Last year on Thanksgiving I made a big list of everyone I knew and thanked them each for something. I was going to do this again, but almost all of them would be the same as last year.

Instead I’m going to talk about my parents a little bit, since they’ve surely had a bigger influence on me than anyone else.

A lot of the good habits I have today, which essentially define who I am, come directly from my parents. They managed to steer me away from TV, drugs, and alcohol in such a way that I never considered rebelling by indulging in these things.

I remember distinctly wanting to watch TV once as a child.
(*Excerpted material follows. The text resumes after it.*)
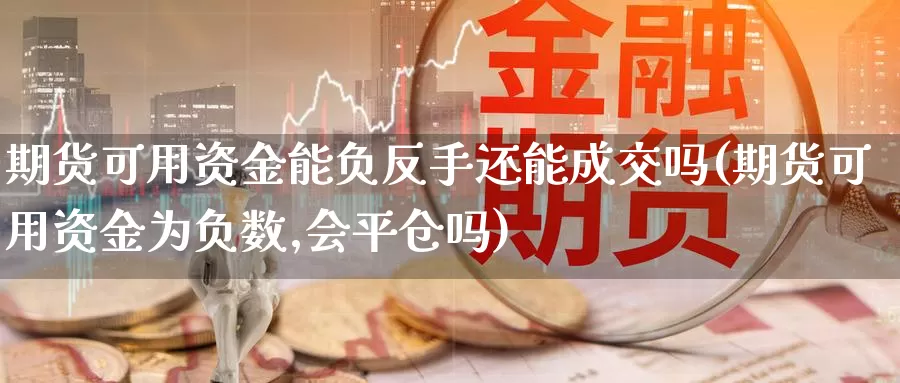期货可用资金能负反手还能成交吗(期货可用资金为负数,会平仓吗)
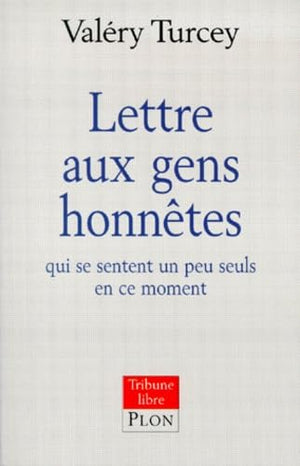 Lettre aux gens honnêtes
My father told me, “One day you’ll thank us for not letting you watch TV.” At the time that seemed absolutely ridiculous, but here I am today thanking them for not letting me watch TV. This isn’t to say that I don’t watch ANY TV now, but I only have a few shows that I download and usually watch with friends.

When I have kids I’ll ask my parents how they got me to not drink and do drugs. I’ve never once felt tempted to try or do either, despite having an insatiable urge to do everything else under the sun.

They also encouraged me to be independent, which certainly made raising me harder.

When I was in 10th grade I was having a tough time in history class. I didn’t care, so I didn’t pay attention. I was failing. One day, after receiving a grade of perhaps 50 or so on a test, my teacher took me outside to the hallway.

“You went to a Montessori school, didn’t you?”

What a strange question, I thought.

“Yes.”

“I can tell. You Montessori kids are always more independent and don’t study if you don’t want to.”

She said it with a smile on her face, as if to say that it wasn’t necessarily a bad thing.

Not only did my parents enroll me in a Montessori school, which I still remember loving, but they also put me in a private middle school called “The Pike School” in the Boston area, where we lived. It was expensive for them and for my grandparents, but it was such a fantastic school (and the last time I really liked school) that I’ll probably move back there when I have kids so that they can also attend.

When I was at Pike I made friends with a Taiwanese kid named Charlie. He and his family taught me Chinese (I could write a whole entry about how thankful I am to them as well), and my parents allowed me to travel to Taiwan for a month with them when I was only 13! It was the first time I’d even been on a plane, and turned out to be an amazing once-in-a-lifetime experience. I loved it so much that I’m going back there this summer as part of my trip around the world.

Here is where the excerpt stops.